There was wall-to-wall applause after tonight's Carmen premiere at La Scala - except for director Emma Dante, whose appearance provoked an eruption of loud boos. From my seat in the Covent Garden Odeon it was hard to understand why. Perhaps the heavy dose of Catholic symbolism offended. Or the rapey ending - but frankly that loooong final duet needs something to liven it up, and her solution is a plausible one. Or maybe it was the shortage of castanets and thigh-rubbing. Who knows.
Her production wasn't always coherent, but there was plenty to cheer. She drew superb acting from the whole cast - the mark of a solid theatre director. I loved what she did with that perennial problem Micaela, turning her into the messages she bears Don Jose - first the bride, then his sick mother. And even scenery fetishists can't have been too disappointed with the mostly realistic locations and the intricate, colourful costumes.

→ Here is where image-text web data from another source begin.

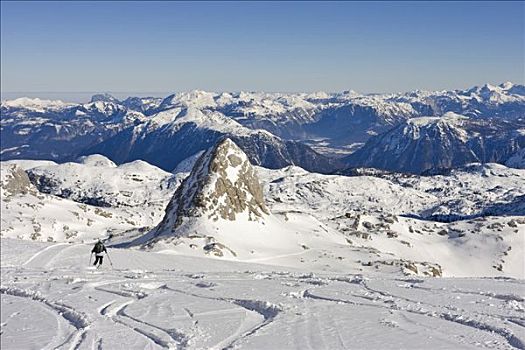 女人,滑雪,冰河,山,右边,山丘,施蒂里亚,奥地利,欧洲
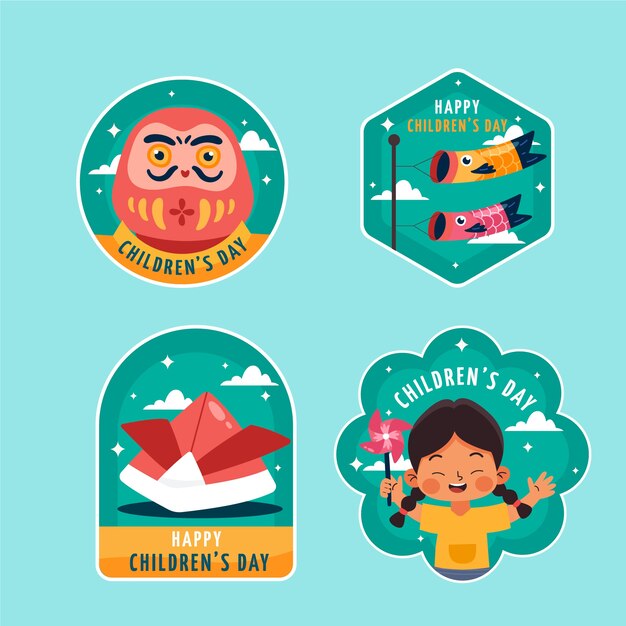Collezione di etichette piatte per bambini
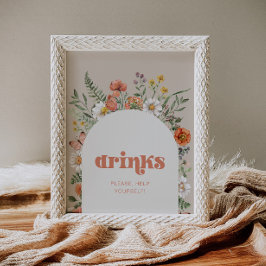 Wildblomma Drinks-tecken Poster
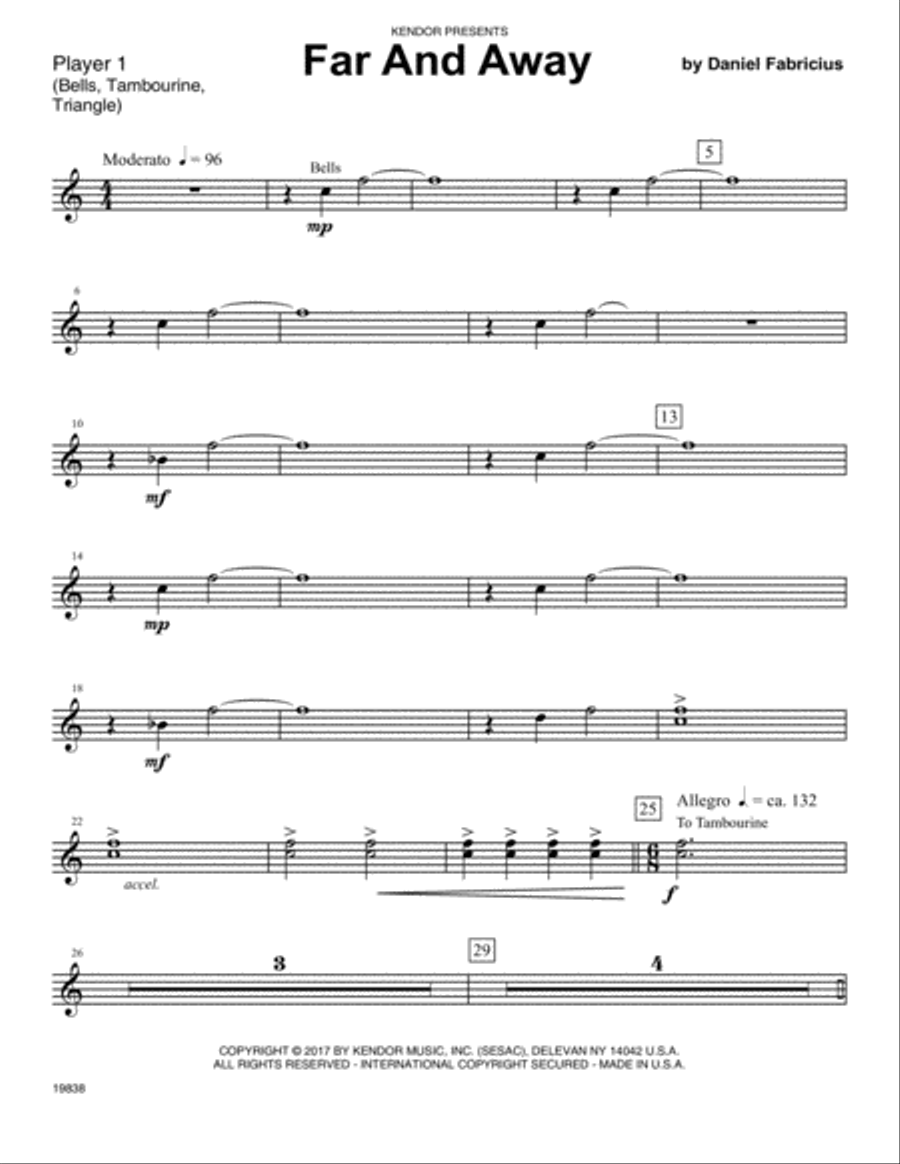 Far and Away - Percussion 1 Percussion scores gallery preview page 1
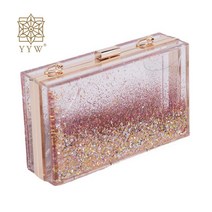 크로와상백 스팽글 투명 클러치 여성 아크릴 박스 백 2022 파티 이브닝 지갑 숄더 하드 데이 칵테일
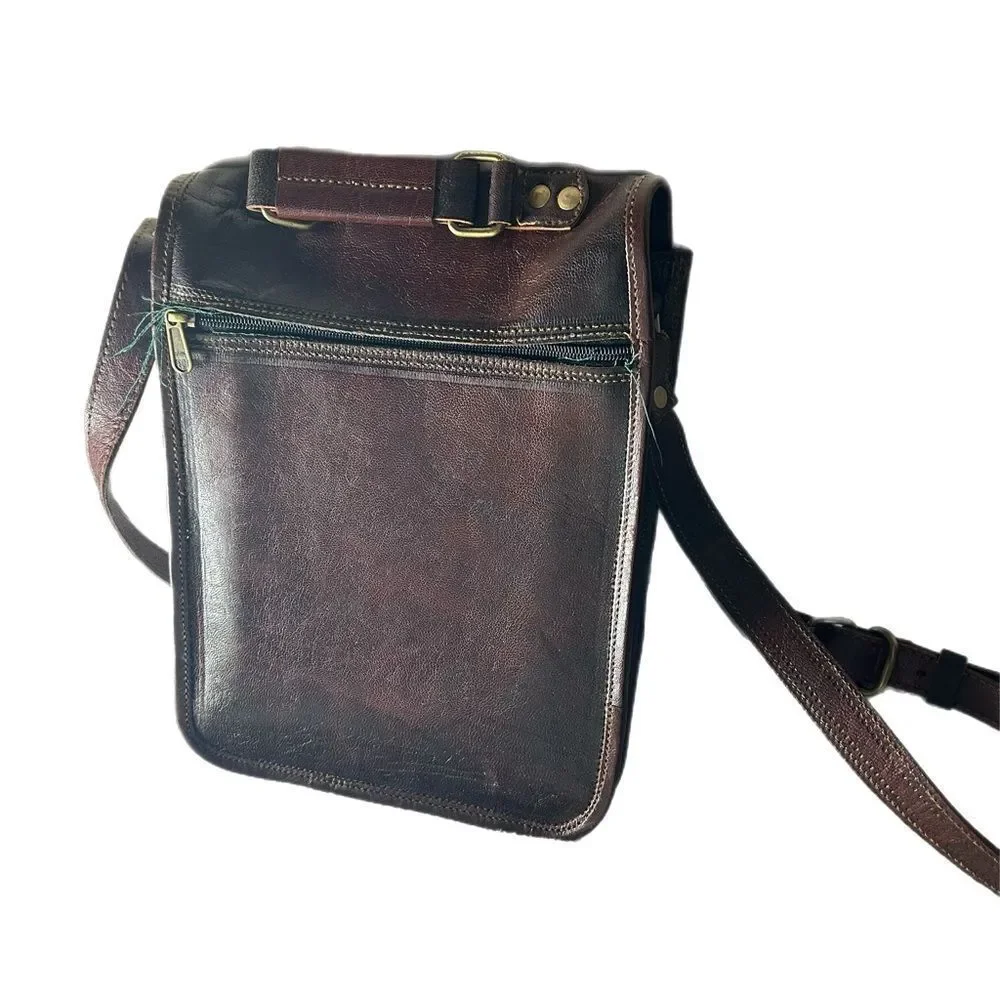 Handmade Brown Genuine Goat Leather Messenger Satchel Bag 9” adjustable Strap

Jonas Kaufmann's Don Jose was the big draw though, and he didn't disappoint. Beneath his billowing shirt, an immaculately waxed chest was revealed by Act 2's close up cameras, as expertly pummelled by Anita Rachvelishvilli's surprisingly terrific Carmen below. Oh, and he sang pretty well too.
The secondary attraction, Erwin Schrott's Escamillo, was less successful. Too many notes off target, and too many clothes.
With multiple camera angles and zooms sensitively deployed, it was technically the best live opera screening I've seen. Pit close-ups revealed the principal flautist's werewolf hands and even better, Barenboim tweaking out a wedgie (at agonising length) before settling in for the prelude. And the cameras' silent zoom around La Scala's plush-lined burrows and their jewel-draped occupants was far more revelatory than a fancy Met-style 'intermission feature'.
Pity about the sound, which was too low in the first act and too loud afterwards, but I suspect that was the Odeon's fault not the film crew's. Of course no cinema acoustics can possibly hope to replicate the live sound - the big drawback of all movie-opera.